Mobilisons-nous en faveur de la libération des trois leaders anglophones, qui encourent la peine de mort pour avoir simplement voulu exercer pacifiquement leur droit à la liberté d’opinion, d’expression, d’association et de manifestation !
Contexte
Des régions anglophones marginalisées et réprimées
Octobre 2016 : des avocats, enseignants et étudiants anglophones protestent contre la « francophonisation » des systèmes législatif et éducatif en vigueur dans les régions anglophones. Les autorités camerounaises répriment violemment les manifestations, ne voyant en ces évènements qu’une simple volonté de sécession d’indépendantistes anglophones. Les villes de Bamenda, Buea, Kumba et Kumbo sont particulièrement touchées par la répression. Le 28 novembre 2016, les forces de l’ordre molestent des étudiants de l’Université de Buea, qui s’étaient rassemblés pacifiquement sur le campus pour réclamer la suppression de la pénalité financière qu’ils doivent régler en cas de retard dans le paiement de leurs frais de scolarité. Des violences physiques, des humiliations sont infligées aux étudiants. Des vidéos sont postées sur les réseaux sociaux afin de dénoncer cette répression.
Depuis le début de la crise dans les régions anglophones, les autorités camerounaises se sont engagées à Bamenda, Buea et Kumba, dans une opération d’arrestations massives afin de mettre un terme aux revendications socio-économico-politiques de cette partie du pays. Des centaines de personnes ont été arrêtées de manière arbitraire. Plusieurs cas de disparitions forcées sont également dénombrés, huit à Bamenda selon le REDHAC, ONG de défense des droits de l’homme camerounaise.
Malgré cette répression, à Bamenda, les journées « ville morte » continuent à avoir lieu chaque lundi et à chaque journée d’audience du procès des trois leaders anglophones.

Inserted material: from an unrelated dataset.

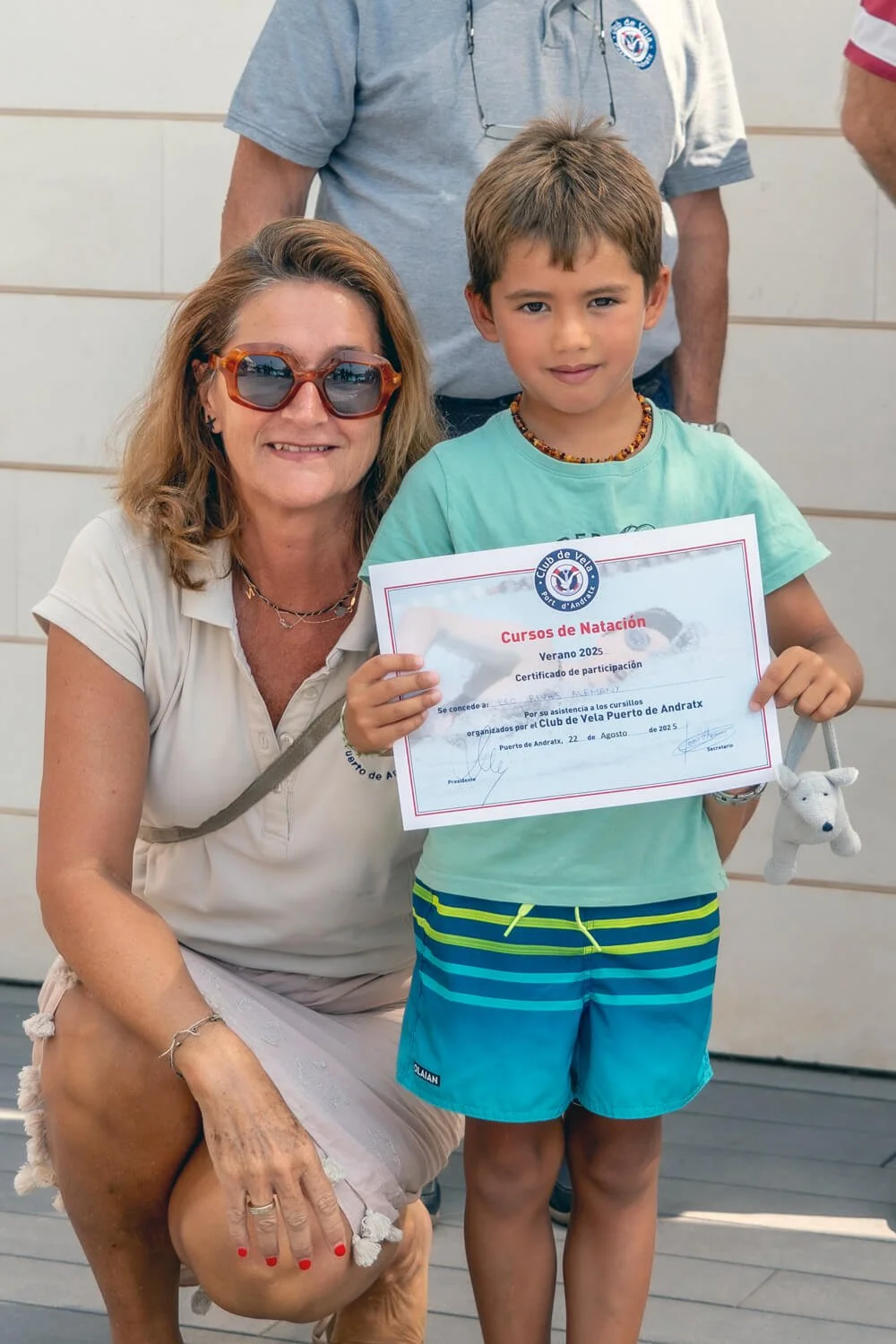 Niña sosteniendo un certificado de participación en cursos de natación, acompañado de una mujer con gafas de sol y otra persona parcialmente visible en el fondo.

Une volonté de censure permanente
Les autorités camerounaises ont une volonté permanente de passer sous silence les manifestations de mécontentement des Camerounais anglophones et depuis décembre 2016, elles se sont engagées dans une politique de répression massive des libertés de la presse. Le ministère de la Communication a adressé aux radios et télévisions privées, une circulaire interdisant tout débat sur la situation socio-politique dans la région anglophone. En janvier, le gouvernement a ordonné aux fournisseurs d'accès Internet de procéder à la suspension du service Internet dans les deux régions anglophones, arguant de la nécessité de préserver la sécurité nationale. Les habitants de ces territoires ont été privés d’Internet durant trois mois. Il aura fallu une importante mobilisation citoyenne à travers le monde pour que le président Biya fasse rétablir Internet dans la région anglophone. Au moins cinq journalistes sont actuellement en prison pour avoir traité de la crise anglophone dans leurs médias. De nombreux autres journalistes ont été intimidés ou se sont autocensurés pour préserver leur sécurité.